YOUR GOAL: Begin at the line containing "Vêtements Homme Chemises" and retype each line through the end of the records exactly. Include nothing else and no pictures.

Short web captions

_ _ _ _

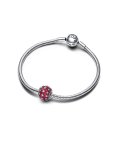 Pandora Sparkling Pavé Round Pink Joia Conta Mulher 792630C03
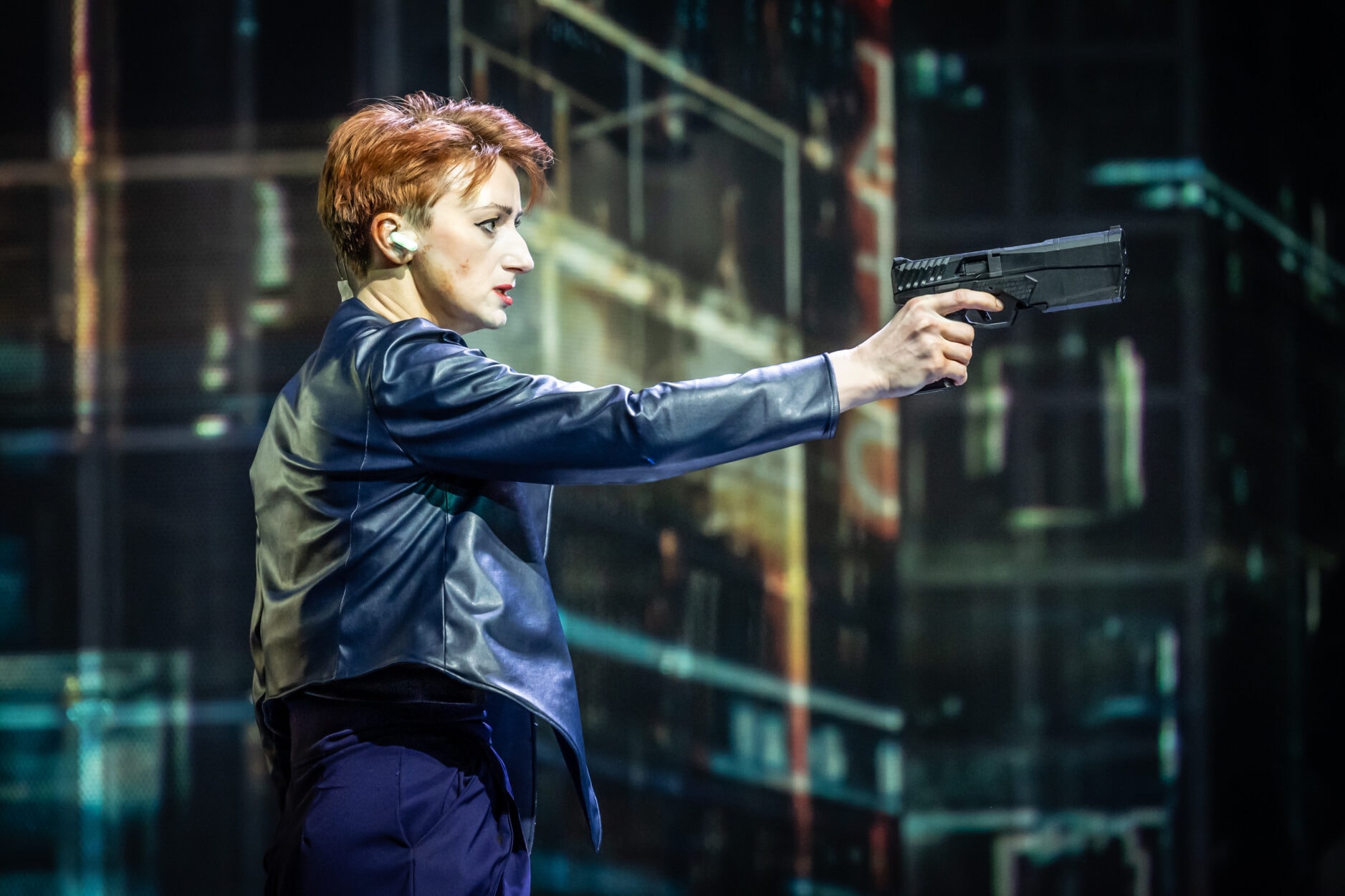 Jodie McNee in Minority Report. Photo by Marc Brenner.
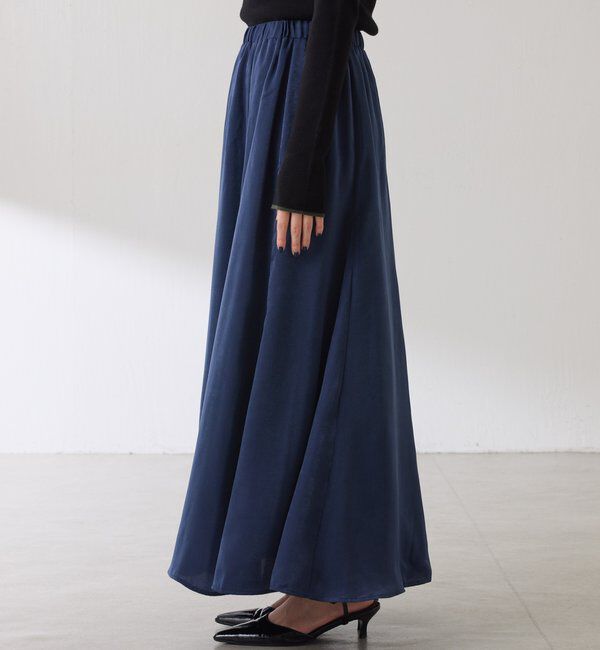  「アンチスタティックフレアスカート」|スカート|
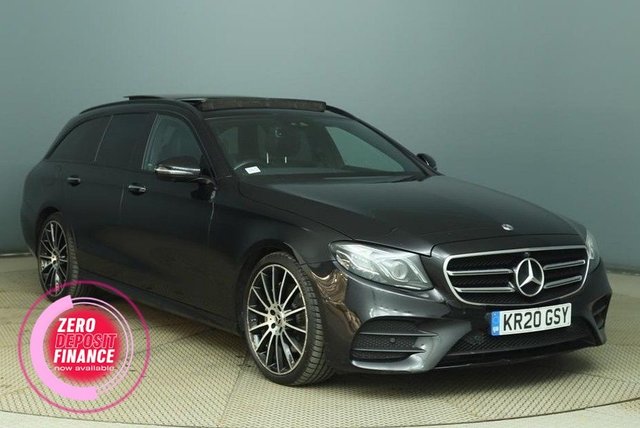 View our Mercedes-Benz E-Class 2.0 E300d AMG Line Night Edition (Premium Plus) Estate 5dr Diesel G-Tronic+ Euro 6 (s/s) (245 ps)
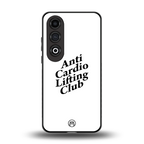 anti cardio lifting club back phone cover | glass case for oneplus nord ce 4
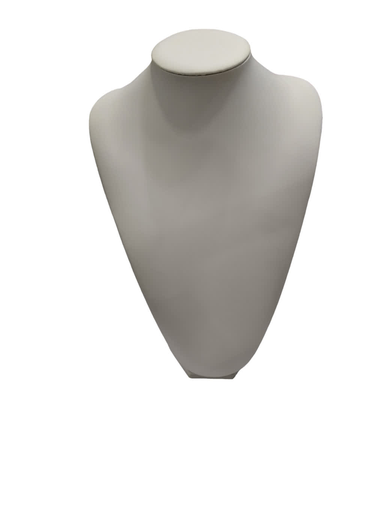 [009170] Expositor Collar En Polipiel Blanco 26.5x22x12cm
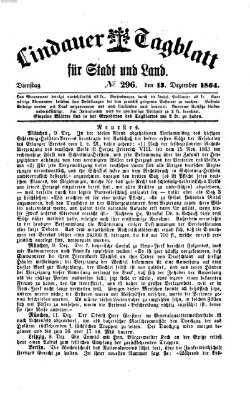 Lindauer Tagblatt für Stadt und Land Dienstag 13. Dezember 1864
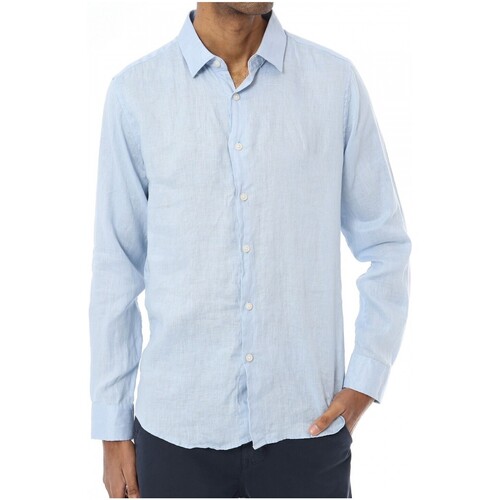 Vêtements Homme Chemises manches longues Kebello Choisissez une taille avant d ajouter le produit à vos préférés Bleu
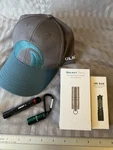 Olight 15TH Anniversary Edition Ixv Titanium Keychain Flashlight, Hat, Coast Led. Fixed Price $95.00.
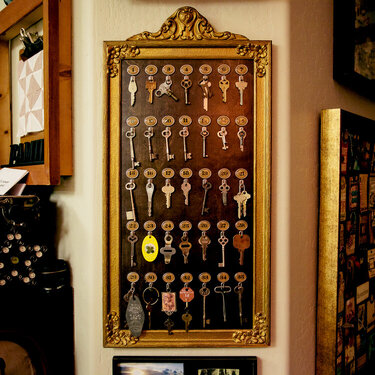 Studio - Decor, Vintage Hotel Key Board, altered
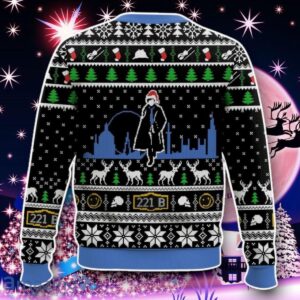 Sherlock Benedict Cumberbatch Christmas Ugly Sweater Style Gift Product Photo 2
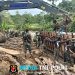 Bakti TNI untuk Rakyat, Pembangunan Jembatan Modular di Gunungsitoli Masuki Tahap Pengecoran Abutmen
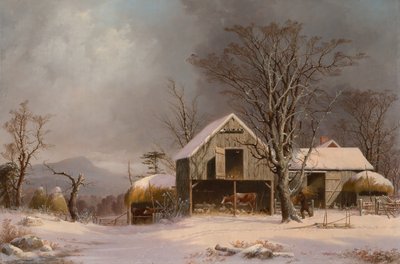 Téli jelenet Új-Angliában alkotó: George Henry Durrie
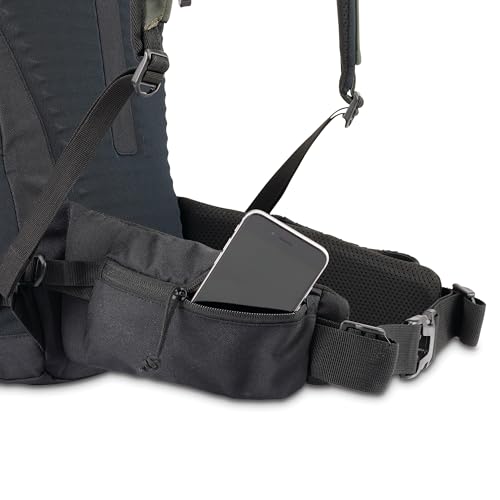 High Sierra Pathway 2.0 45L Hiking Backpack Forest Green/Black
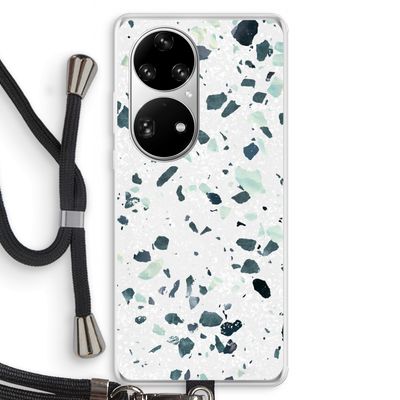 Terrazzo N°2: Huawei P50 Pro Transparant Hoesje met koord
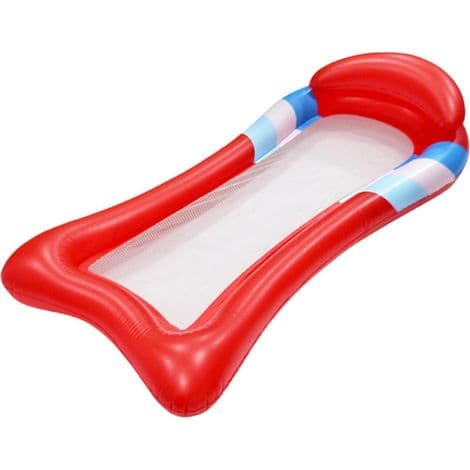 Oppustelig flydende seng. Pool solseng flyder - Oppustelig foldbar liggestol flyder.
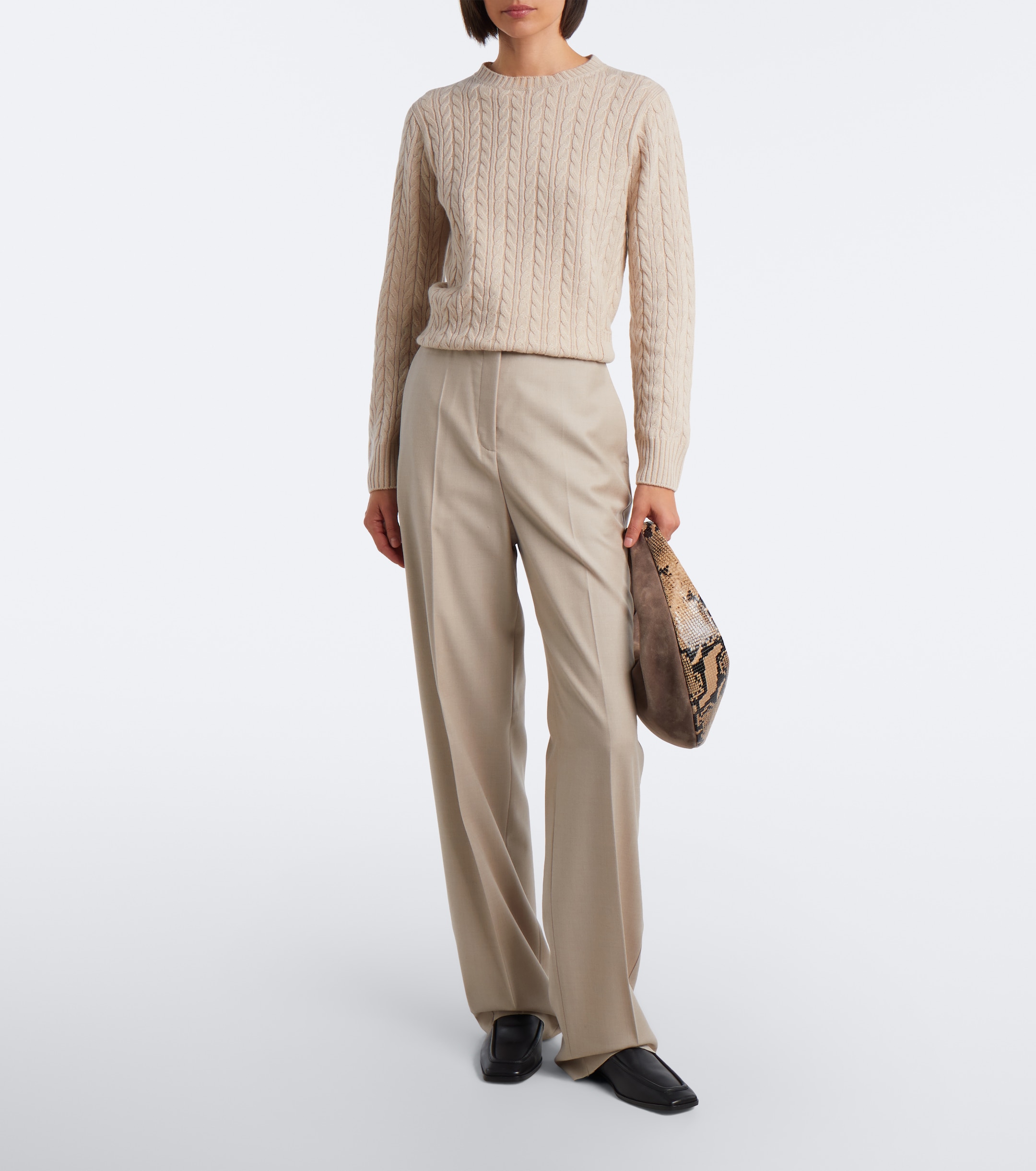AGNONA Agnona Wool straight pants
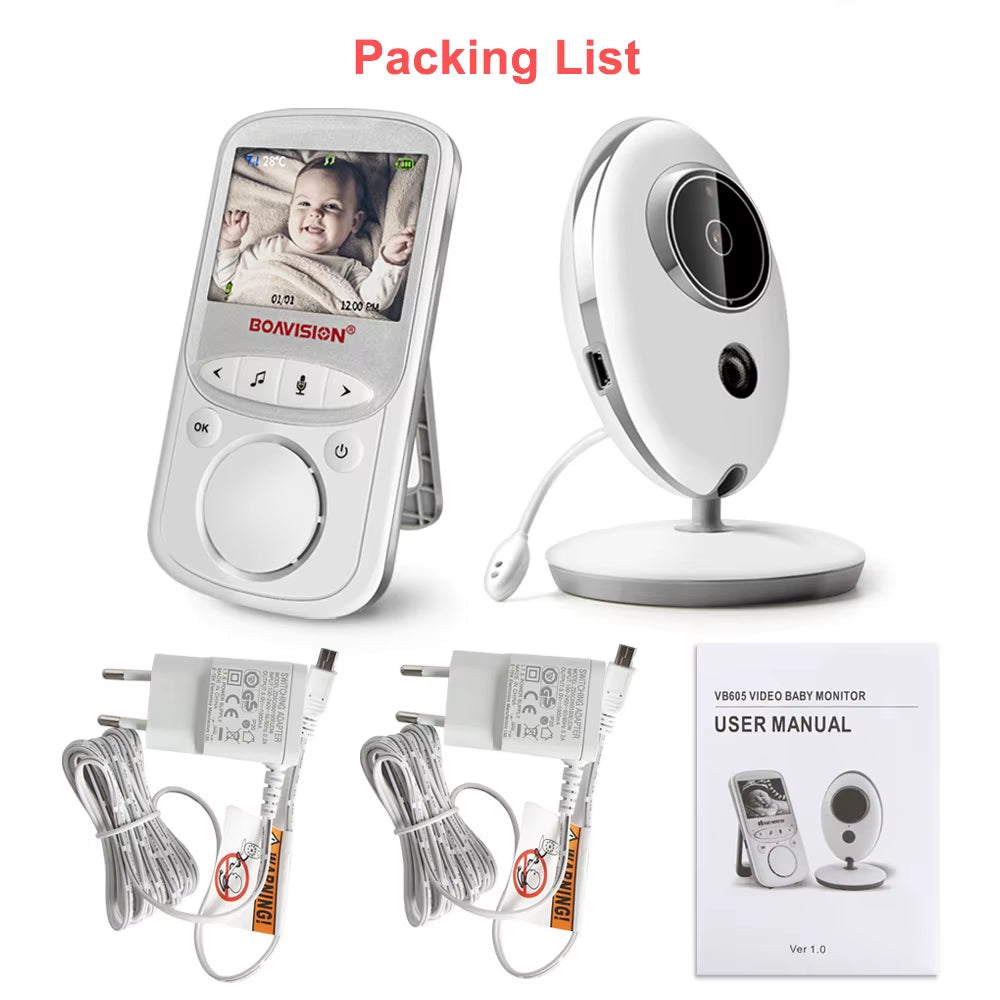 Wireless LCD Audio Video Baby Monitor VB605 Radio Nanny Music Intercom IR 24H Portable Baby Camera Baby Walkie Talkie Babysitter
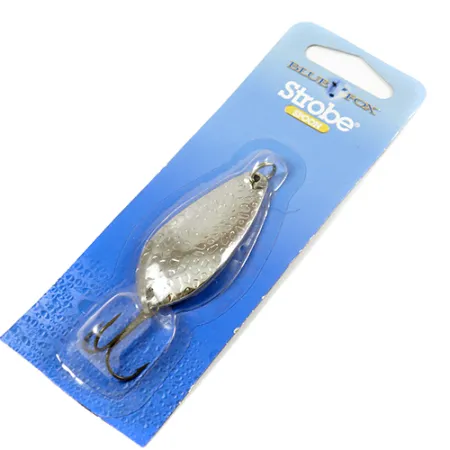 Blue Fox Strobe Tear Drop Spoon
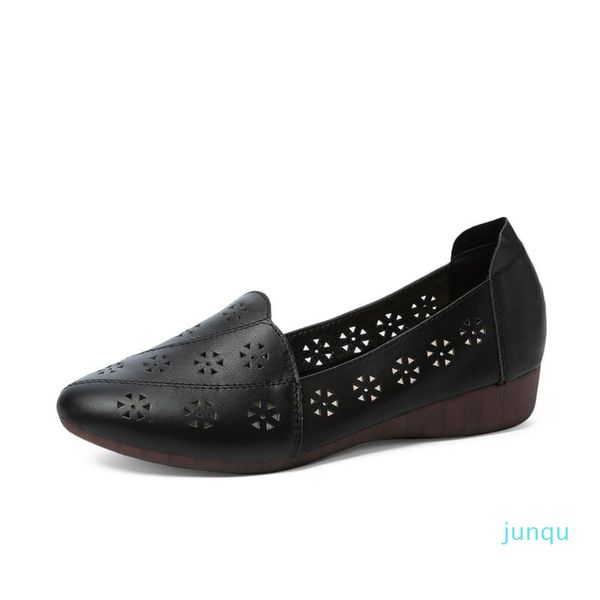 wholesale-dress shoes girls flattie non-slip cutout porous genuine leather loafers breathable hollow 2021 summer women low heel drop, Black
wholesale-dress shoes girls flattie non-slip cutout porous genuine leather loafers breathable hollow 2021 summer women low heel drop, Black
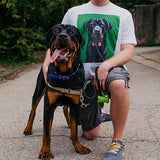 Custom Pet Art Mens Crew Neck T-shirt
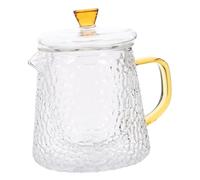 UKCOCO Théière Verre Borosilicate Résistante Haute Température avec Poignée Portable Bouilloire à Thé Transparente pour Bureau et Maison Verseuse à Main pour Infusion Variée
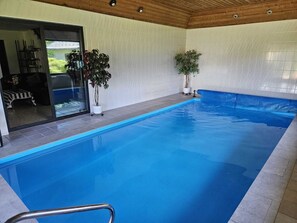 Indoor pool, a heated pool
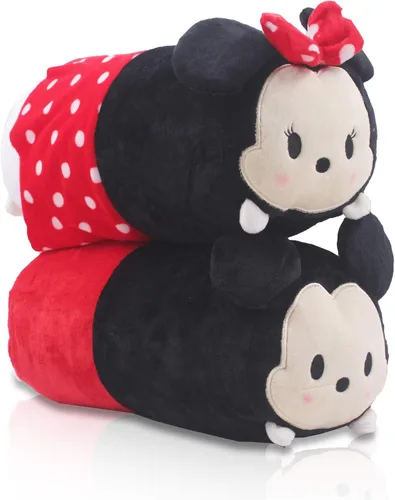 Miniatura 8 de Finex Juego de 2 almohadas de viaje de felpa para niño y niña, cojín largo apilable para vuelo largo en coche crucero
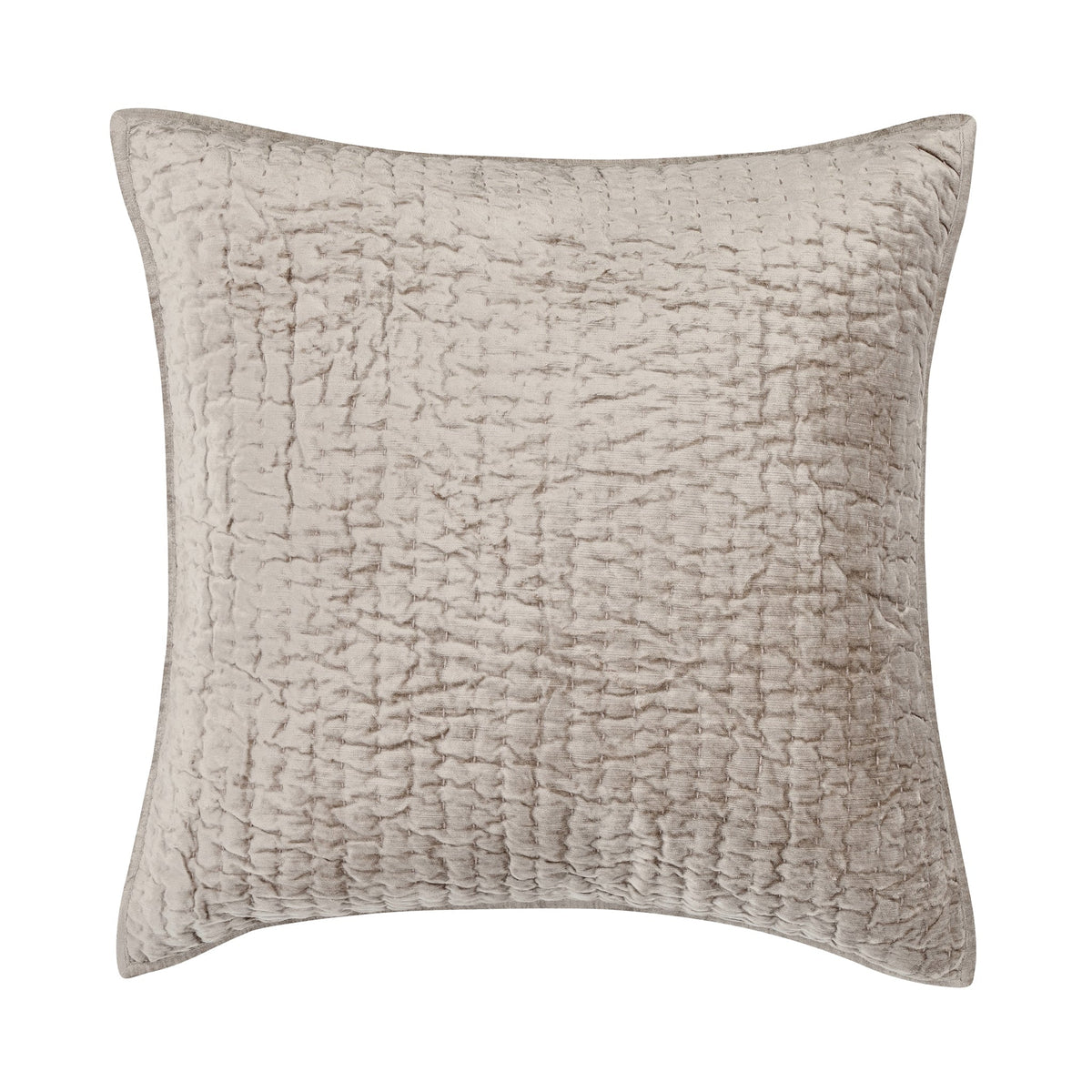 Bari Velvet Euro Pillow Sham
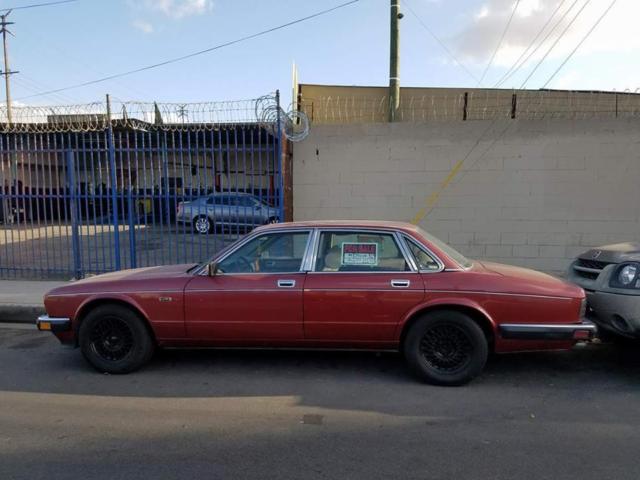 1988 Burgundy Jaguar XJ6 Sedan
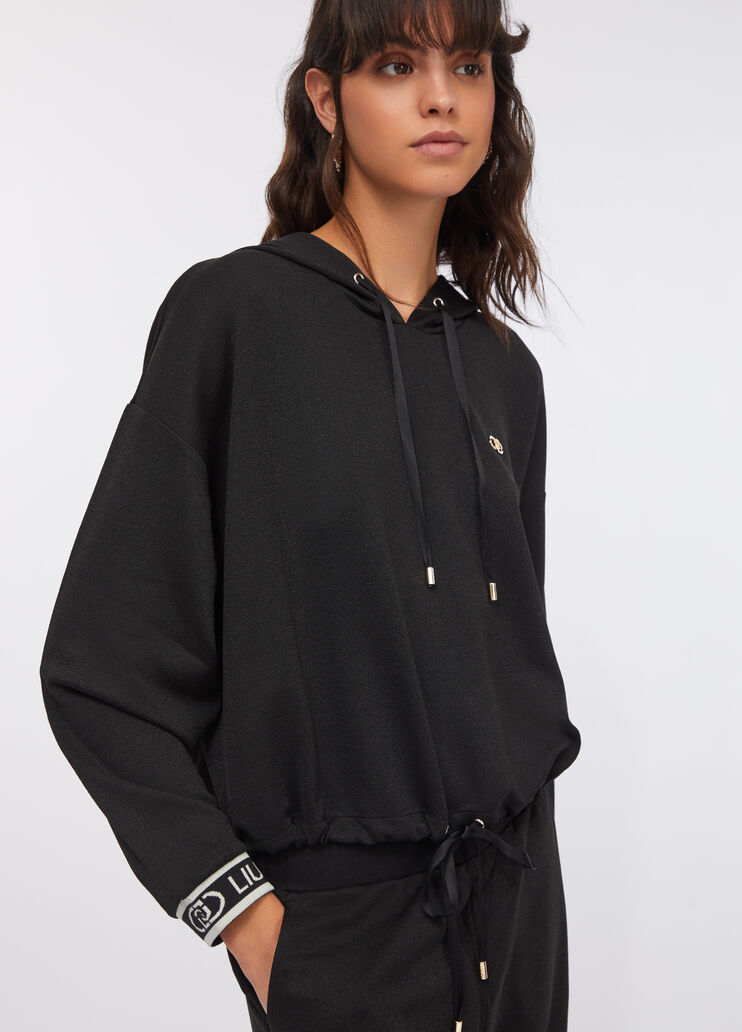 Lurex® hoodie black Liu Jo - medium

_ _ _ _

RESPONSE AREA:
 Vêtements Homme Chemises manches longues Kebello Choisissez une taille avant d ajouter le produit à vos préférés Bleu
 Olight 15TH Anniversary Edition Ixv Titanium Keychain Flashlight, Hat, Coast Led. Fixed Price $95.00.
 Studio - Decor, Vintage Hotel Key Board, altered
 Sherlock Benedict Cumberbatch Christmas Ugly Sweater Style Gift Product Photo 2
 Bakti TNI untuk Rakyat, Pembangunan Jembatan Modular di Gunungsitoli Masuki Tahap Pengecoran Abutmen
 Téli jelenet Új-Angliában alkotó: George Henry Durrie
 High Sierra Pathway 2.0 45L Hiking Backpack Forest Green/Black
 Terrazzo N°2: Huawei P50 Pro Transparant Hoesje met koord
 Oppustelig flydende seng. Pool solseng flyder - Oppustelig foldbar liggestol flyder.
AGNONA Agnona Wool straight pants
 Wireless LCD Audio Video Baby Monitor VB605 Radio Nanny Music Intercom IR 24H Portable Baby Camera Baby Walkie Talkie Babysitter
 Blue Fox Strobe Tear Drop Spoon
 wholesale-dress shoes girls flattie non-slip cutout porous genuine leather loafers breathable hollow 2021 summer women low heel drop, Black
wholesale-dress shoes girls flattie non-slip cutout porous genuine leather loafers breathable hollow 2021 summer women low heel drop, Black
 Custom Pet Art Mens Crew Neck T-shirt
 UKCOCO Théière Verre Borosilicate Résistante Haute Température avec Poignée Portable Bouilloire à Thé Transparente pour Bureau et Maison Verseuse à Main pour Infusion Variée
 Indoor pool, a heated pool
 Miniatura 8 de Finex Juego de 2 almohadas de viaje de felpa para niño y niña, cojín largo apilable para vuelo largo en coche crucero
 Bari Velvet Euro Pillow Sham
 1988 Burgundy Jaguar XJ6 Sedan
 Lurex® hoodie black Liu Jo - medium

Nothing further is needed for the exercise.